Orlando Magic center Dwight Howard made a highly publicized visit to Houston this summer in order to work with Rockets Hall-of-Fame center Hakeem Olajuwon, specifically to expand his low-post repertoire. Video of their session hit the internet, and now a meme has taken hold in the NBA world: when Howard scores in the post, it's probably because Olajuwon taught him how.
The Magic players have mocked that line of thinking for a while now. After a game several weeks ago, Magic power forward Brandon Bass jokingly referred to Howard as "Hakeem," then quickly turned away from Howard and brushed his hair to hide his laughter. The idea is the praise of Olajuwon has gone too far. And coach Stan Van Gundy has had enough of it.
Howard made two jumpers against the Milwaukee Bucks on Wednesday night, which prompted one member of the media to ask Van Gundy about Howard's work with Olajuwon.
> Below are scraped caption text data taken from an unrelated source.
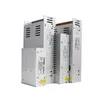 Lab Power Supply DC Source Converter 220V 110V AC TO 12V DC 1A 2A 3A 5A 8A 10A 15A 20A 33A SMPS LED Driver Lighting Transformer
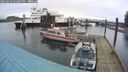 ./images/quadra/hbidock/20250223/hbidock20250223_163507M.jpg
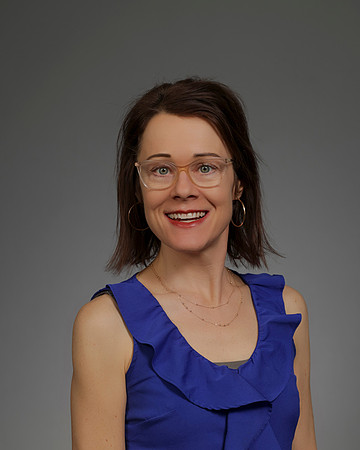 Marguerite Zaune_232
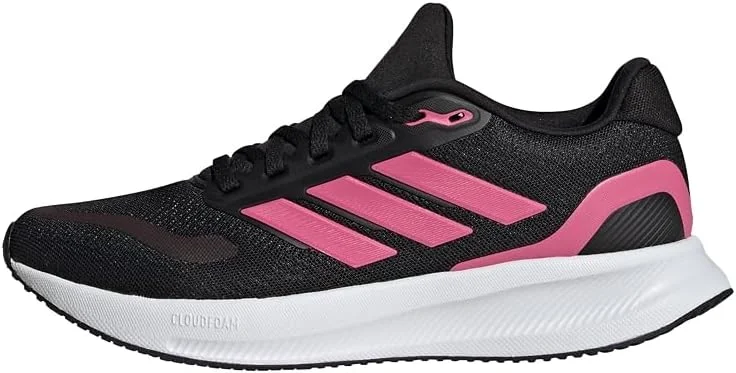 کفش زنانه آدیداس Runfalcon 5 W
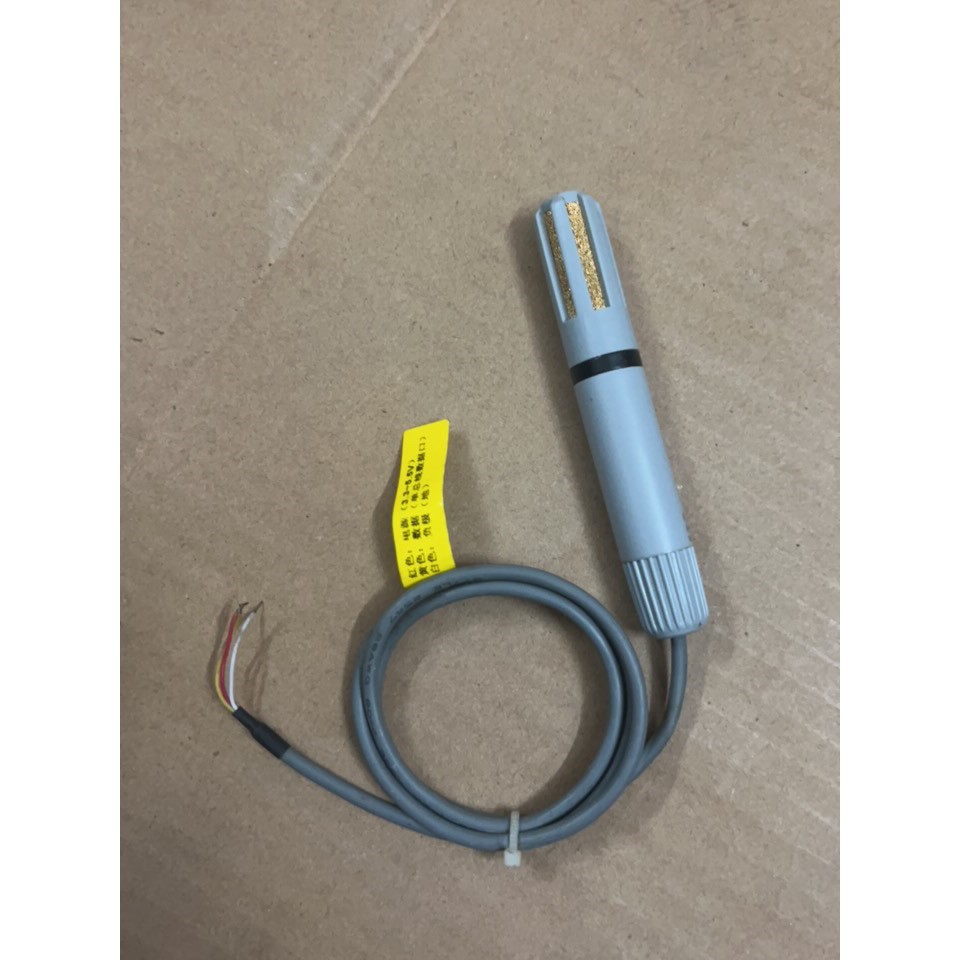 ASAIR奥松AM2305温湿度传感器探头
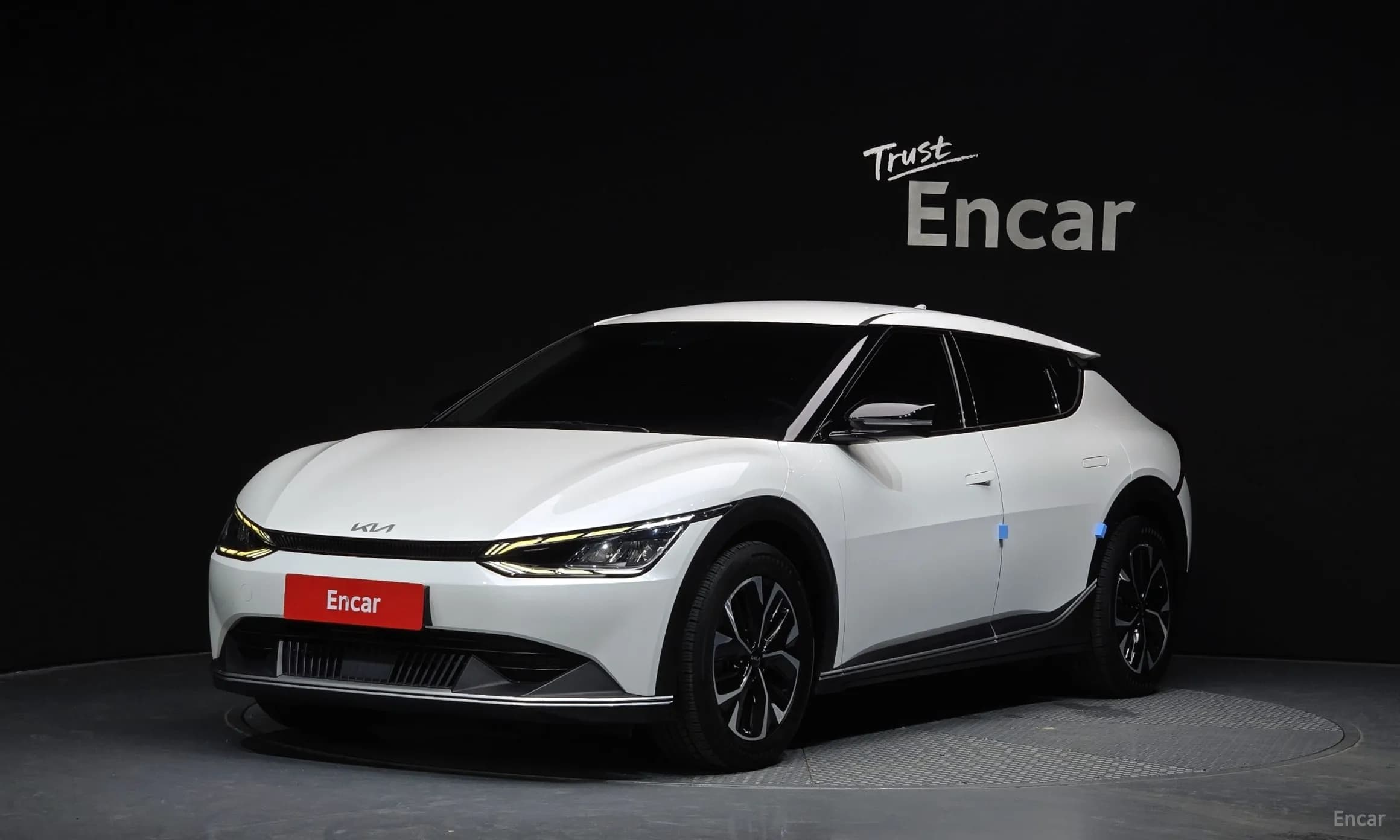 EV6
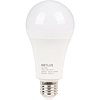 RETLUX RLL 609 A70 E27 izzó 15W CW D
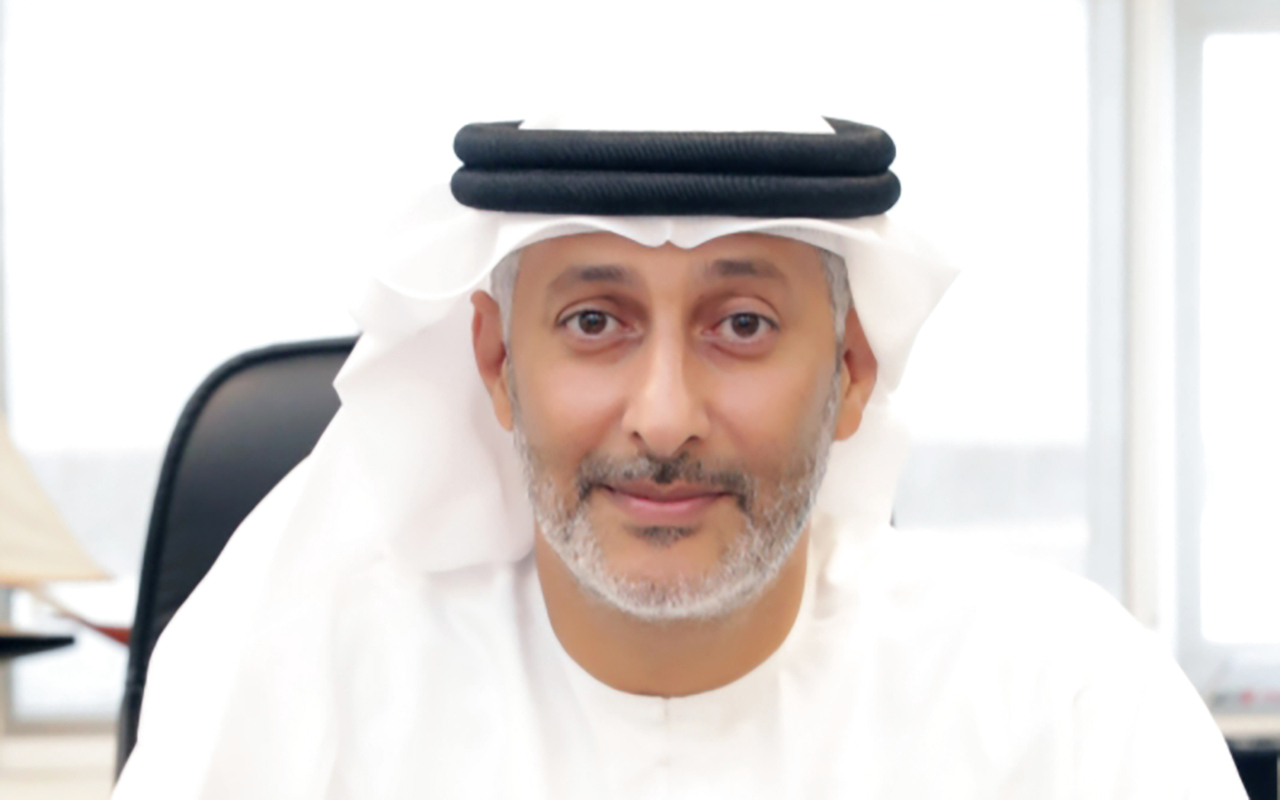 "محمد عبدالله حارب الفلاحي"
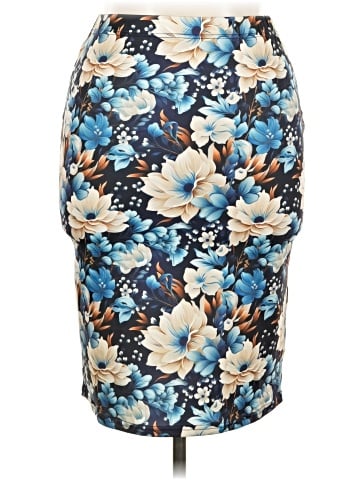Unbranded Casual Skirt (view 1)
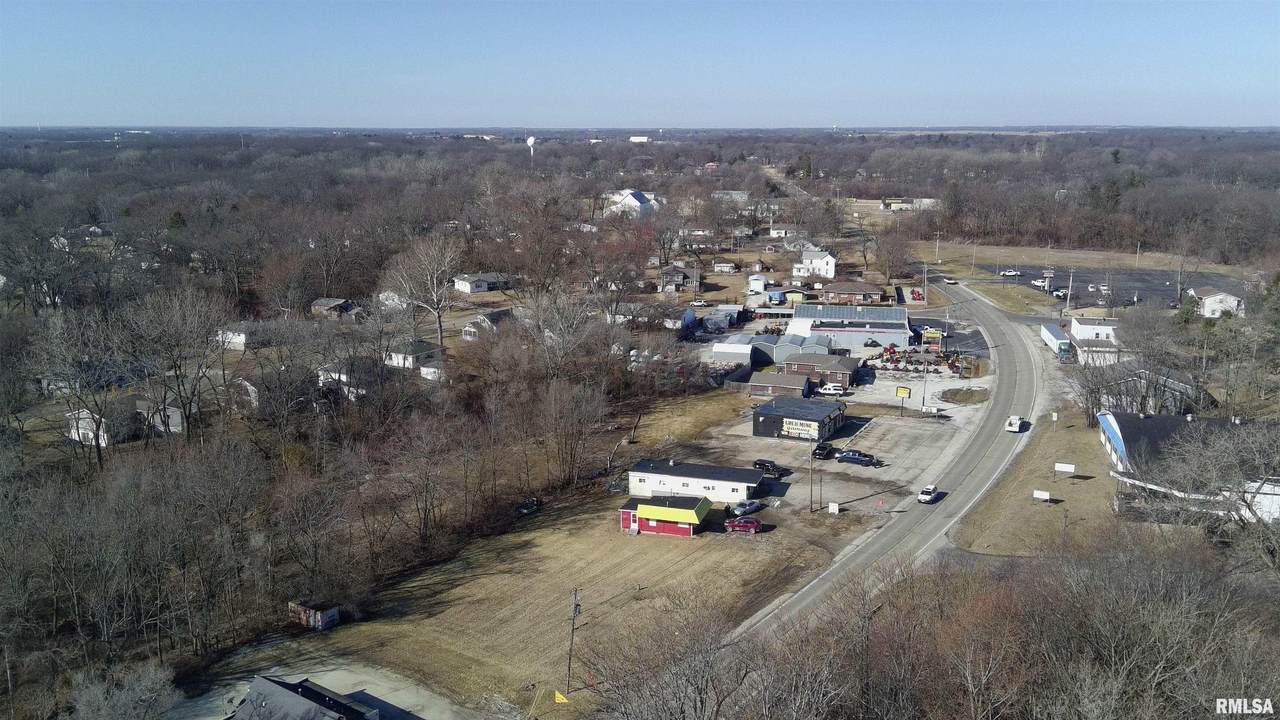 https://bt-photos.global.ssl.fastly.net/peoria/1280_boomver_1_PA1264607-1.jpg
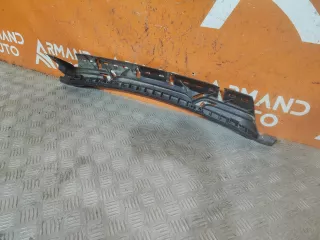 A2138852304, 4 кронштейн бампера центральный Mercedes E W213 Арт AR309202, вид 7
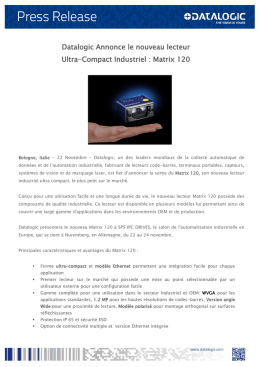 T&eacute;l&eacute;charger : 1528_1488207730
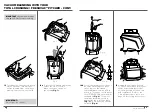 Preview for 10 page of Ninja Smart Screen FreshVac CT660UKV Instructions Manual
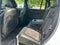 2023 Jeep Grand Cherokee Altitude X 4x4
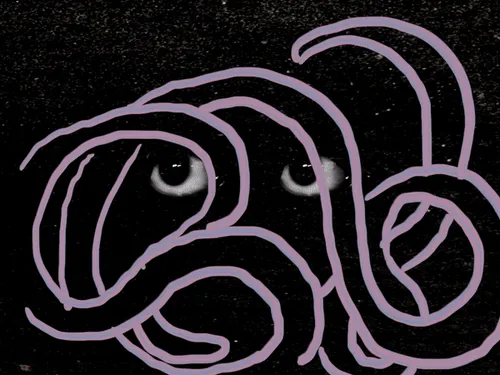 Item #54688137389352509344092767467911615879738143210533731435142059750105836158977 Media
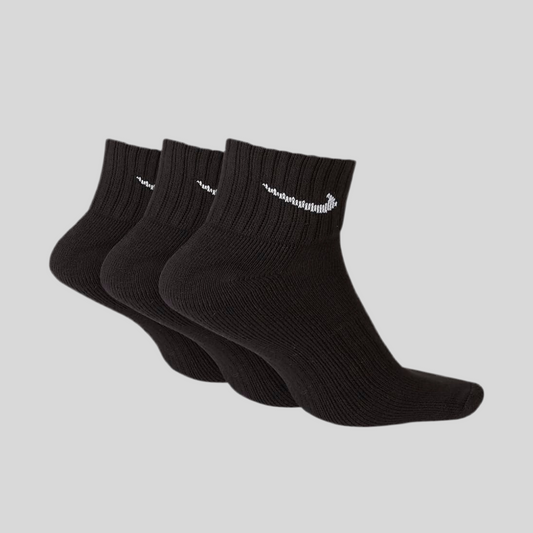 Pack de 3 meias Nike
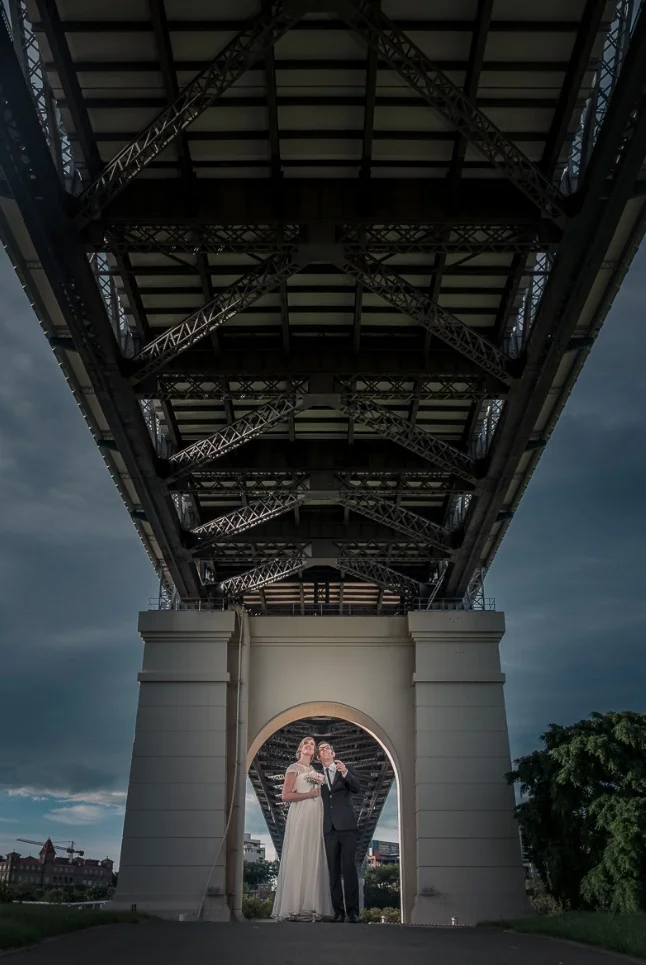 Wedding 4.jpg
He winced a bit, and then delivered this classic response.
"Well, that's a little overblown. His shot has been good.
"I will say this, and this isn't a knock on anybody, but Hakeem's gotten more credit for two hours [of work] than anybody I've ever seen. They were in a gym for two hours, three hours. And all of a sudden every shot Dwight makes is because of Hakeem.
"No knock on Hakeem, he's a great guy and everything, but there's not anybody alive that's turning somebody's game around in three hours. That's just not it. Dwight's done a lot of work, and I'm sure Hakeem gave him some advice, but that's starting to annoy me a little bit."
Here, Van Gundy paused, and seemed to realize he had gone far afield. So he gave the reporter something more about Howard's game to work with.
"But yeah, he's making that bank shot a little bit and keeping people off balance and I think it's good."
Count me squarely in Van Gundy's camp here. There ought to be no question Olajuwon's work with Howard has paid off, but we need to maintain perspective here: Howard did not work with Olajuwon as extensively as he's worked with the Magic's own assistant coaches over the year, from Clifford Ray as a rookie to Patrick Ewing now. Let's recognize folks outside Olajuwon who've helped mold Howard's game over the last seven seasons.